# Warhammer: shadow of the horned rat on vista



## unstookietitled (Apr 26, 2008)

I can't get "Warhammer: Shadow of the Horned Rat" to install on my laptop.

The game is for windows 95 and I have tried changing the compatability around but it still doesn't work. Anyone know how to solve this problem?


----------



## Indoril Nerevar (Jan 7, 2006)

Hi, and welcome to TSF.

Getting 95/98 games to run on anything other than 95/98 is almost impossible. There are pretty much only two steps available - try compatibility mode (rarely works), or download a DOS emulator, such as DOSBox (Google it). I've gotten DOSBox to work for a couple of games, but that's about it. For that very reason, I got myself a very old system with Windows 98, and I play all my old games on that.


----------



## RawIsEricho (Nov 20, 2008)

I actually can get the game to run, I just can't get the battle screen to not be black.
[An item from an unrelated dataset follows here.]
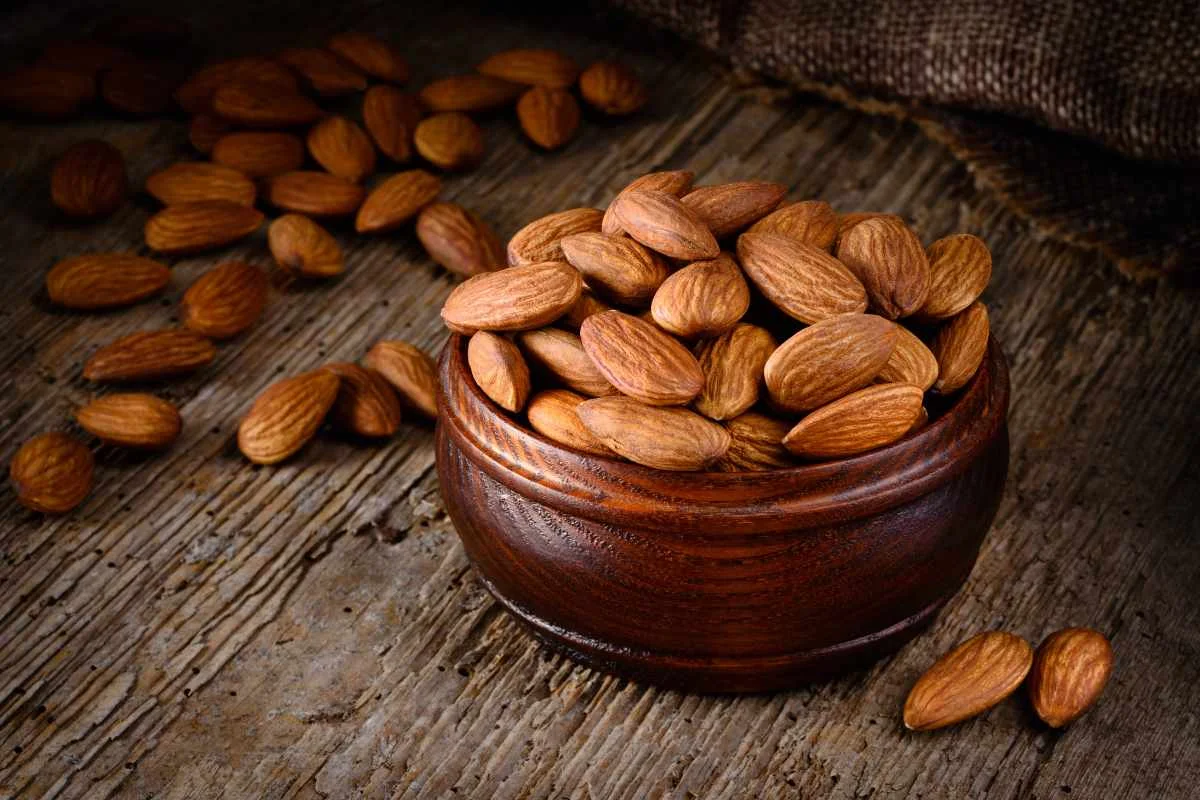 How to Consume Almonds: Soaked vs. Raw - Best Methods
Follow these steps to do it.

1)Copy RMORPH folder contents to your windows\system32 folder.
2)Copy WARFB folder to C:\GAMES folder (or whatever folder you want, but then you'll need to change paths in reg file).
3)Create empty folder TEMP inside WARFB folder.
4)Create folder UPDATE inside WARFB folder.
5)Create folder BINARY inside WARFB\UPDATE folder.
6)Copy only files (not the folders!) from <your CD_ROM>\WARFB\FILE\BINARY to C:\GAMES\WARFB\UPDATE\BINARY folder.
7)Run the included file SOTHR.reg to register required dlls.
8)In your WARFB folder set for game executable compatibility option "Run in 256-color mode".
9)Run the game. If you want windowed mode, ALT-TAB from it and then select it from taskbar, it should stay windowed.


----------



## Daisuke1133 (Dec 15, 2009)

RawIsEricho said:


> 7)Run the included file SOTHR.reg to register required dlls.


Where is this file? I can't seem to find it anywhere on the cd or anywhere else? :4-dontkno


----------



## koala (Mar 27, 2005)

RawIsEcho's instructions were copy/pasted from someone else's reply in this thread from 2007: *http://www.rpgcodex.net/phpBB/viewtopic.php?p=425469&sid=ccf8a9e756c5e5774e1dc5b595c3667b* , but he left out the registry part.

Backup your registry before making any changes in case anything goes wrong. No guarantees it will work.



> Oh Jasede (and everyone else),
> here is how to play the game under XP (I tested it and it works) :
> 
> 1)Copy RMORPH folder contents to your windows\system32 folder.
> ...


----------